Dhoni made just 15 runs of 17 balls in CSK's pursuit of 146 and did not register a single boundary, but Bravo said the knock laid the platform for his subsequent onslaught on Steyn. The two added 43 runs for the sixth wicket in 35 balls before Dhoni's dismissal in the 18th over.

“You must give credit to MS (Dhoni), because he really showed the way to go about on this wicket, placing the ball in the gaps, and running a lot of singles and twos. It was unfortunate he got out, but by that time we knew we had a realistic chance of winning the match,” said Bravo, during the post-match press conference.

Despite Dhoni's dismissal and a mounting asking rate, Bravo turned the contest around with some heavy hitting off Dale Steyn, whose two slower balls in the penultimate over went for a six and a four, and the ball after that was smashed to the fence as well when the bowler reverted to length.

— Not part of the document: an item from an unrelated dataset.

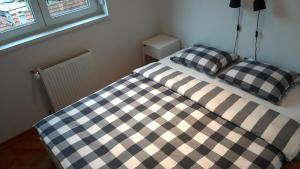 Postel nebo postele na pokoji v ubytování Apartment Exclusive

The 19th over went for 17 runs and Steyn finished wicket-less.

“Taking the pace off the ball is a good idea, but when you have the world's best bowler in your team, you expect him to take wickets. Today, unfortunately, it (the slower balls) didn't come off well for Steyn, and as a batsman I capitalised,” he said.

Skipper of Cape Cobras Justin Kemp said his side could have pulled off the win had it managed to score a few more runs at the death (CC made 21 runs in its final four overs) and capitalise on its chances in the field (Dhoni, Raina and Bravo were all dropped at various stages during the innings).

“In this game when you are playing international stars you make mistakes and you are going to pay for them.  Every dropped catch and every extra run that you give away comes back to haunt you. 

“It is a very slow Chennai wicket and unfortunately we lost wickets and it would have been nice if we could have made more (at the death). We lost wickets in going for the big shots instead of running ones and twos,” said Kemp.